• [Information provided]:
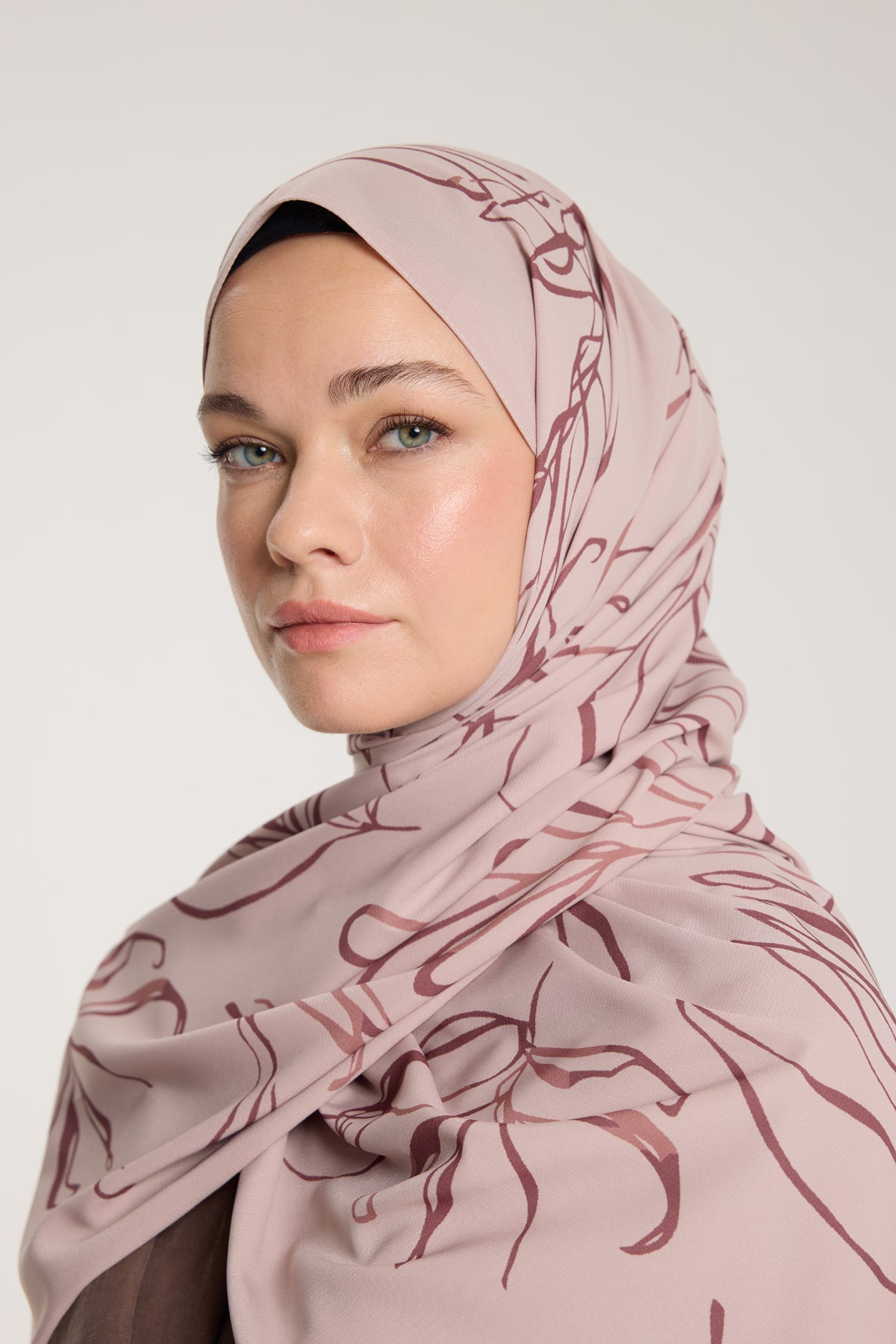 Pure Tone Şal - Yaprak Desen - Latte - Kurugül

--

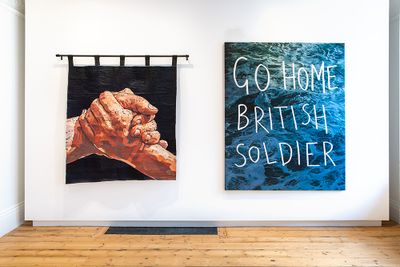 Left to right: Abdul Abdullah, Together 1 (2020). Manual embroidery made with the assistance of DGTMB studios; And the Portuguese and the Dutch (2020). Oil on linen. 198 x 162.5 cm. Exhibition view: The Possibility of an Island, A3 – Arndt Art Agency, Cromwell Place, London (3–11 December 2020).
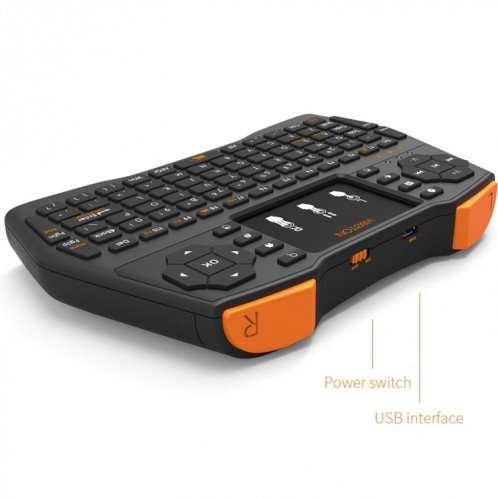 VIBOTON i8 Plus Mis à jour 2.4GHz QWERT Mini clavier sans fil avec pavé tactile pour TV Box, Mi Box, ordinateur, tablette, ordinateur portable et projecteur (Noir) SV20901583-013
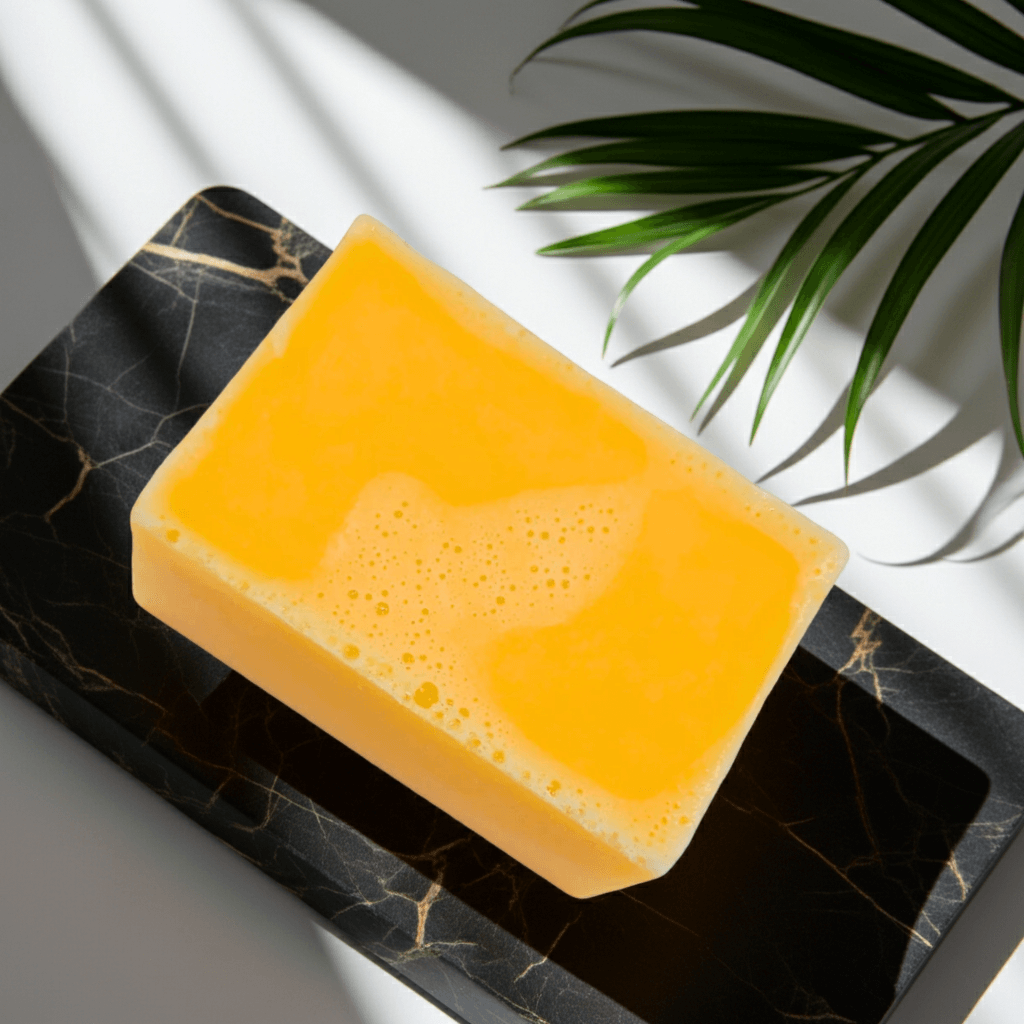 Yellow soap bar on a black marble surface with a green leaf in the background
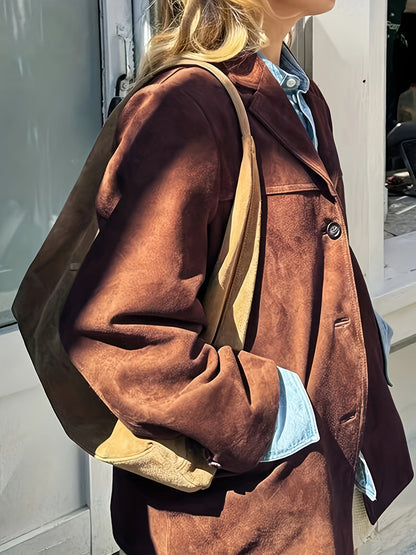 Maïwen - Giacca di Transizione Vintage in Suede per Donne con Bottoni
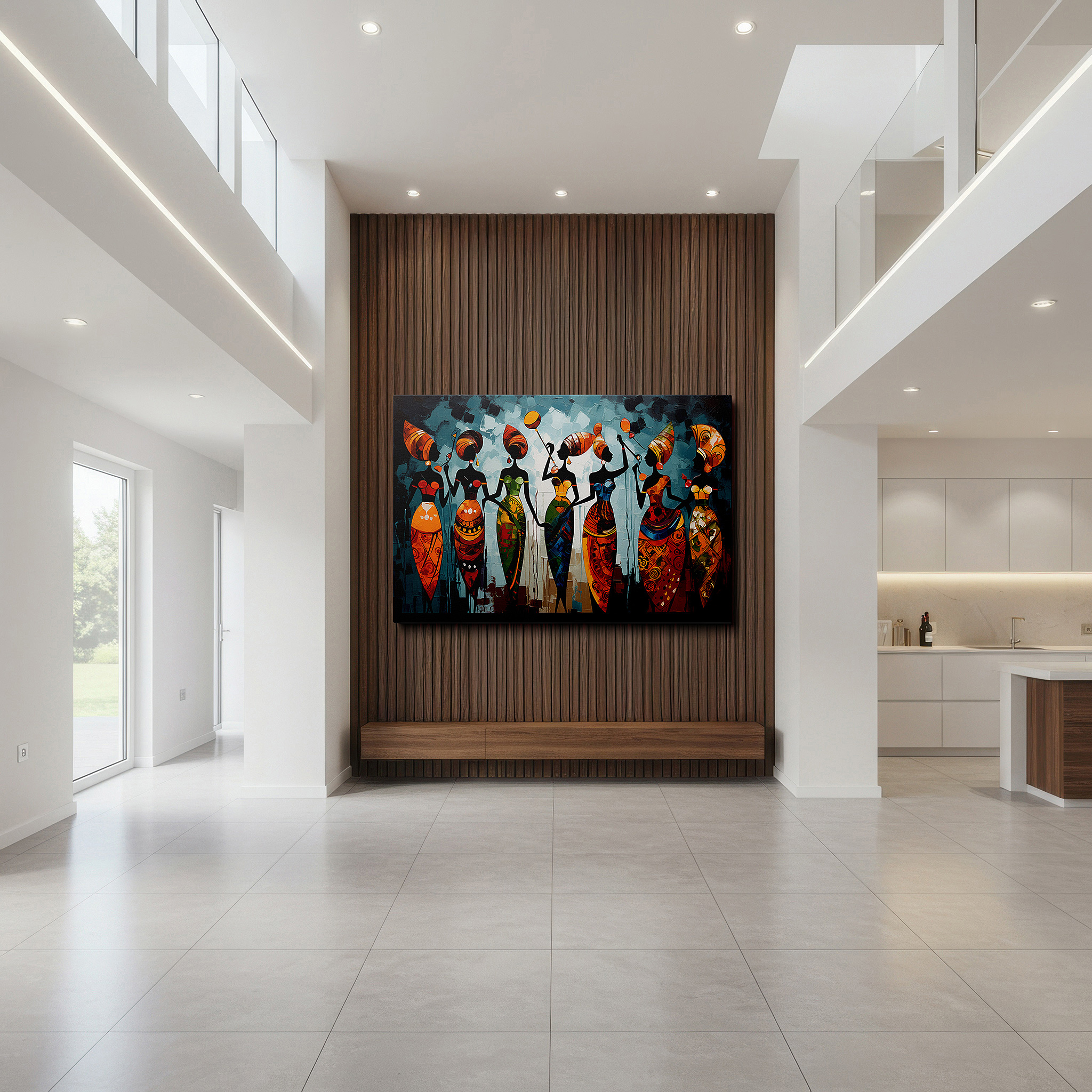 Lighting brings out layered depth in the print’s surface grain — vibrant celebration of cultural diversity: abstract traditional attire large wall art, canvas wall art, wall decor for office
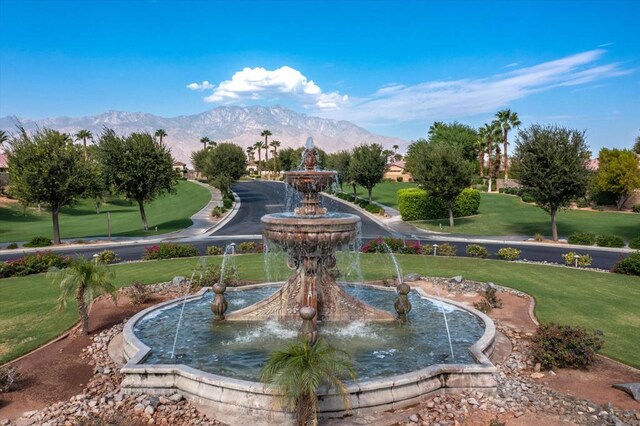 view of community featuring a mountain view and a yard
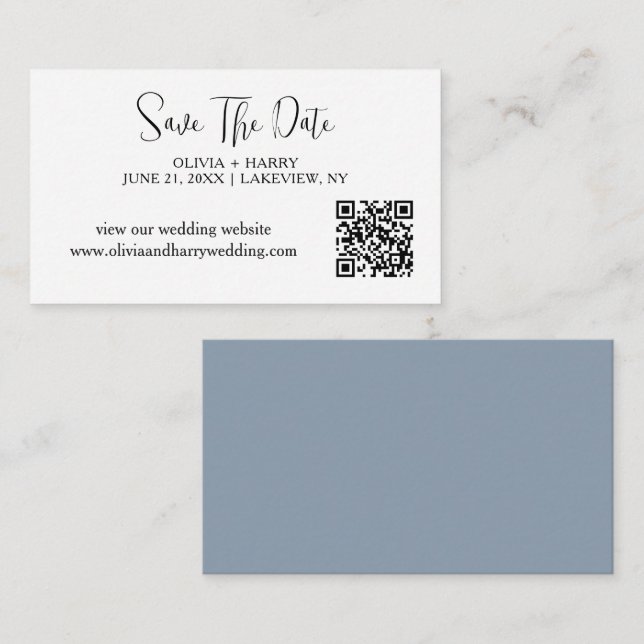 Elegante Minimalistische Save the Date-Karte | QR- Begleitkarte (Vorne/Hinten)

==

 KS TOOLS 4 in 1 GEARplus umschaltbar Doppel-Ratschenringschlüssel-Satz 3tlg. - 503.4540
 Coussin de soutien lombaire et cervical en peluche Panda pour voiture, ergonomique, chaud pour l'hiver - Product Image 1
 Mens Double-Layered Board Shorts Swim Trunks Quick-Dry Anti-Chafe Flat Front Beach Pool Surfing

• [Problem]: Starting at the line above that contains "Yellow soap bar", transcribe every line exactly through the line that contains "Maïwen - Giacca", including that last one, and skip the pictures.

• [Answer section]:
 Yellow soap bar on a black marble surface with a green leaf in the background
 Maïwen - Giacca di Transizione Vintage in Suede per Donne con Bottoni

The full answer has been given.